#### The data
-------------------------

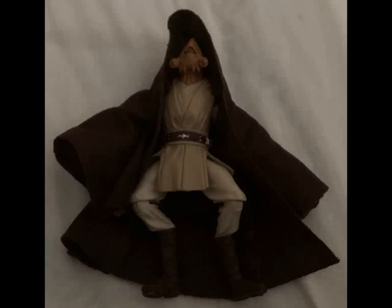Hey guys, it's Ryan back here again, and today I'm reviewing Star Wars The Black Series Pablo Jill. He's from Wave 2 of The Black Series in 2013, and the retail price is $9.99.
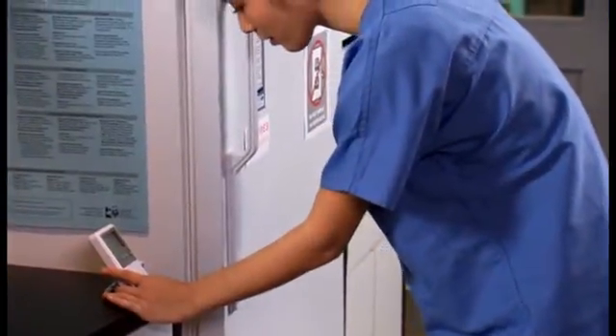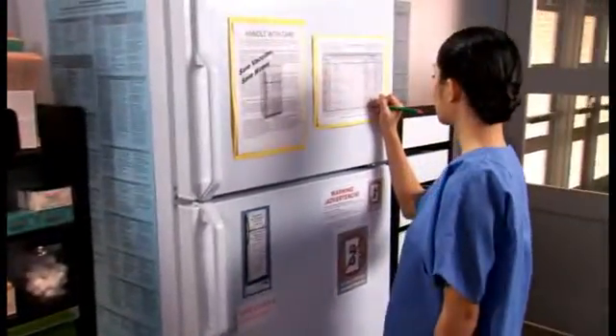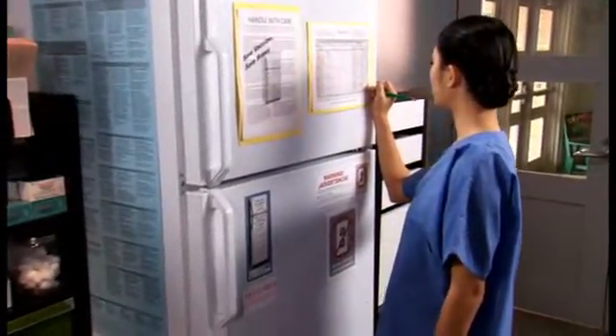You must check the refrigerator and freezer temperatures twice a day — once in the morning and once before you leave at the end of the workday. Record the temperature on a log sheet or calendar kept on the refrigerator door. Temperature indicators and around-the-clock monitoring systems may be used to alert staff, but they should not be used as a substitute for twice-daily temperature readings and documentation. As the refrigerator ages, you can track recurring problems or identify how long a problem has existed.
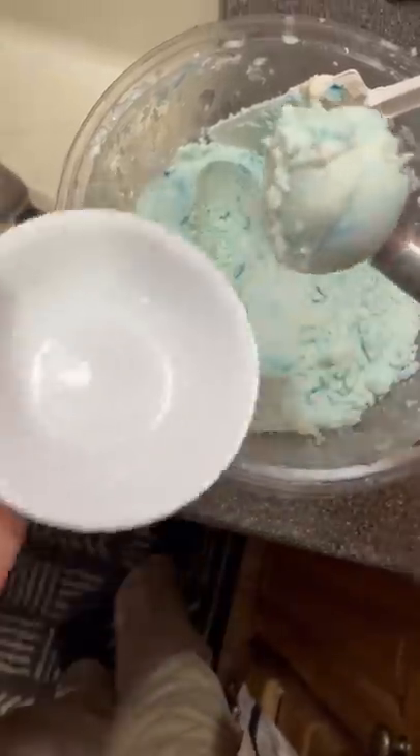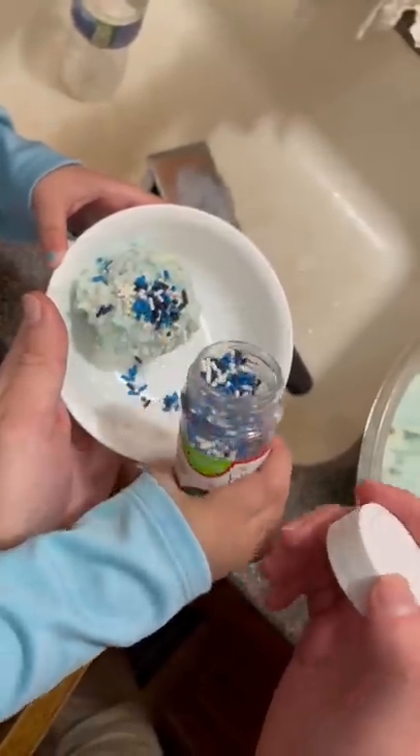After everything was mixed pretty well, I packed it all down and then scooped it out for them. And the verdict is... I was pretty surprised, so maybe...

-------------------------

#### Exercise brief
What the answer needs is every line from the one containing "You must check" through the final line of the data above, copied exactly, without pictures.

#### Reply to the task
You must check the refrigerator and freezer temperatures twice a day — once in the morning and once before you leave at the end of the workday. Record the temperature on a log sheet or calendar kept on the refrigerator door. Temperature indicators and around-the-clock monitoring systems may be used to alert staff, but they should not be used as a substitute for twice-daily temperature readings and documentation. As the refrigerator ages, you can track recurring problems or identify how long a problem has existed.
After everything was mixed pretty well, I packed it all down and then scooped it out for them. And the verdict is... I was pretty surprised, so maybe...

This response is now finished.